What Is Date Correlation Optimization?

I was doing some digging and peaking around again in SQL Server and came across a database option called Date Correlation Optimization Enabled = False. Honestly, I had no clue what it did, so I took it as a learning opportunity to look into it and do a little research. Who knows, it may actually help me solve one of the many problems I run into day to day for clients.



So, What Does It Do?

According to MSDN - The DATE_CORRELATION_OPTIMIZATION database SET option improves the performance of queries that perform an equi-join between two tables whose date or datetime columns are correlated, and which specify a date restriction in the query predicate.

How many of you read what MSDN says and thinks “wuuuuuttt, English please”? I do.

In English

Basically, it uses a foreign key relationship key between tables in SQL Server to enhance performance of date and date time queries when the dates fall within a certain defined range of each other (correlates). Ok that’s cool, but what’s the big deal? The power really comes in for things like reporting, validation, and data warehouses. With this option turned on, SQL Server maintains statistics between correlated columns and creates improved execution plans that read less data.

Let’s See It in Action

Consider this, all internet orders that are received have a must send out by date (due date) of 10 days after the order is received. Therefore, the OrderDate and DueDate are correlated, related to each other.

Here is a query you would normally run.

  1. SELECT * FROM InternetOrders AS i INNER JOIN InternetOrderDetail AS d ON i.InternetOrderID = d.InternetOrderID WHERE i.OrderDate BETWEEN '20170801' AND '20170901';  

Without DATE_CORRELATION_OPTIMIZATION turned on, the optimizer would create a plan just like anything else, however with it set to ON the optimizer can make more granular execution plans.

Here’s how

With each INSERT, UPDATE and DELETE between these two tables SQL Server is gathering statistics which help the optimizer infer the query to be more like the one below. This is where the power comes in. The optimizer can better narrow down the records it needs to read and therefore can return faster results.

Here is the way SQL interprets the dates now that correlation is turned on and statistics are being gathered. Based on those statistics it can now infer that each DueDate is exactly 10 days after the OrderDate.

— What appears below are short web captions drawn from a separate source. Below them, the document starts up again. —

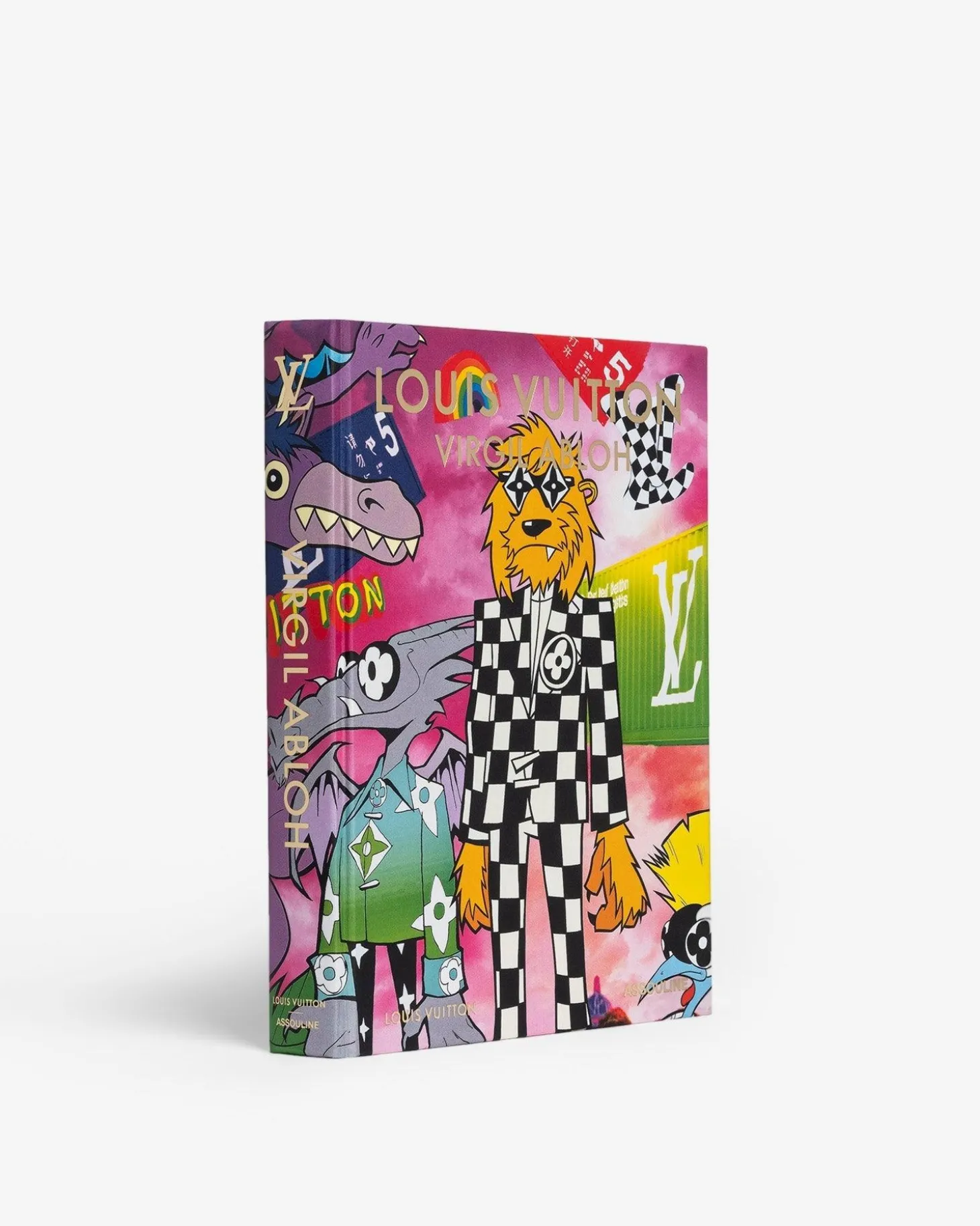 ASSOULINE Iconic Brands|Fashion|Louis Vuitton: Virgil Abloh (Classic Cartoon Cover)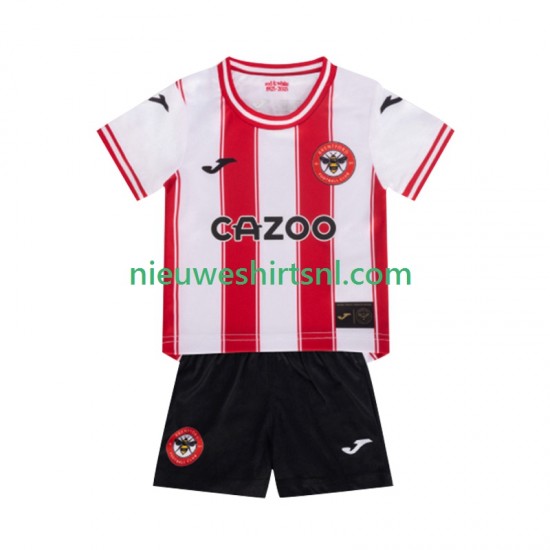 Kind Shirt met Bedrukking Brentford Thuis 2025-2026 Korte Mouw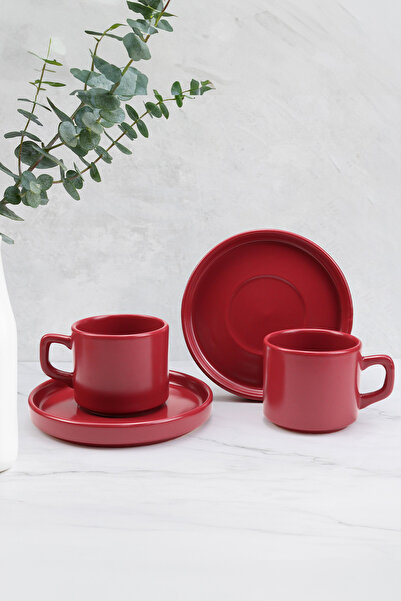 Trendmiya 2'li Double Türk Kahvesi ve Çay Fincanı Takımı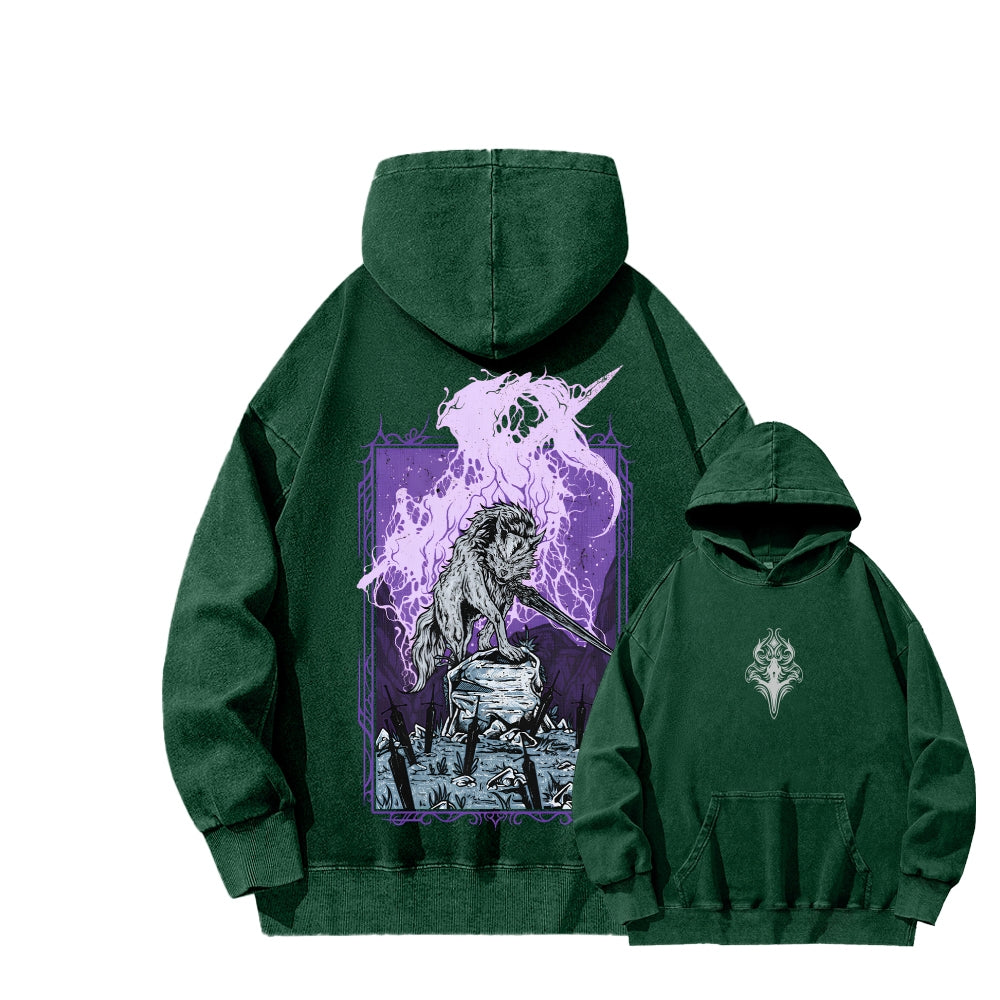 Dark Souls Unisex Washed Hoodie 2601009886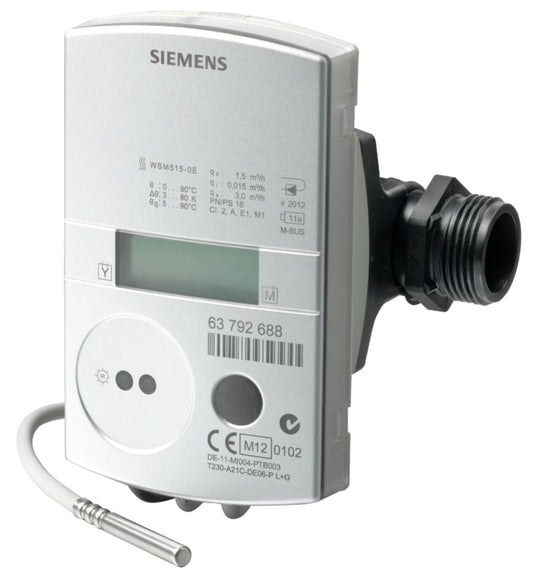 Energimåler Kompositt varme WSM, Siemens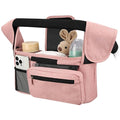 Accmor Universal Stroller Organizer with Insulated Cup Holder Detachable Phone Bag and Shoulder Strap, Stroller Bag Caddy Organizer Accessories Fits for Uppababy, Baby Jogger, Britax Strollers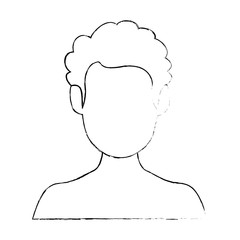 isolated cute man face icon vector illustration graphic design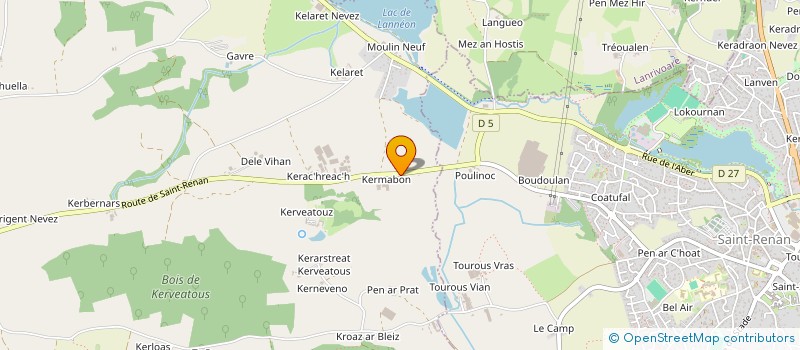 localisation de l'entreprise EARL DE KERMABON à PLOUARZEL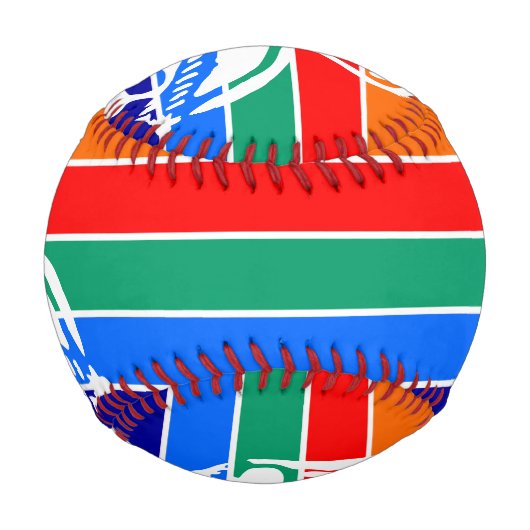 サンクトペテルブルク州旗を持つ愛国的野球 野球ボール (裏面)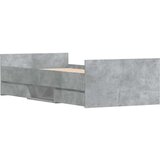  Kreveta s uzglavljem i podnožjem boja betona 90 x 200 cm | shoptok.hr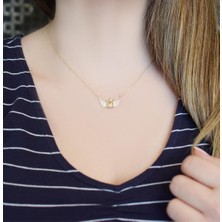 Lilarote Anne Bebek Melek Kanatlı Kolye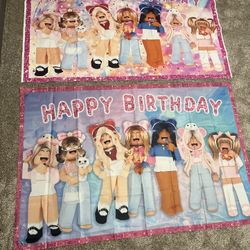 Girl Roblox Birthday banner 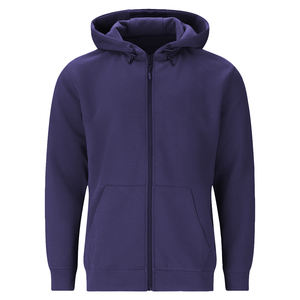 Gran oferta, ropa de calle de manga larga, sudaderas con capucha Lisas para hombres adultos, sudaderas con capucha con cremallera lisa de talla grande y dos bolsillos delanteros con servicio OEM - Product Image 6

  1. SELECT * FROM InternetOrders AS i,InternetOrderDetail AS d WHERE i.InternetOrderID = d.InternetOrderID AND i.OrderDate BETWEEN '8/1/17'  
  2. AND '8/15/17'  
  3. AND d.DueDate BETWEEN CAST('20170801'  
  4.     AS DATETIME) + 10 AND CAST('20170901'  
  5.     AS DATETIME) + 10; 

Depending on the number of records in the two tables this can be a VERY significant decrease to execution times.

The Caution

You should not enable DATE_CORRELATION_OPTIMIZATION in update-intensive database environments. SQL Server keeps all the correlation information in statistics form, this means with every INSERT, UPDATE and DELETE you gain additional overhead.

As always, be sure to test it before you use it in production.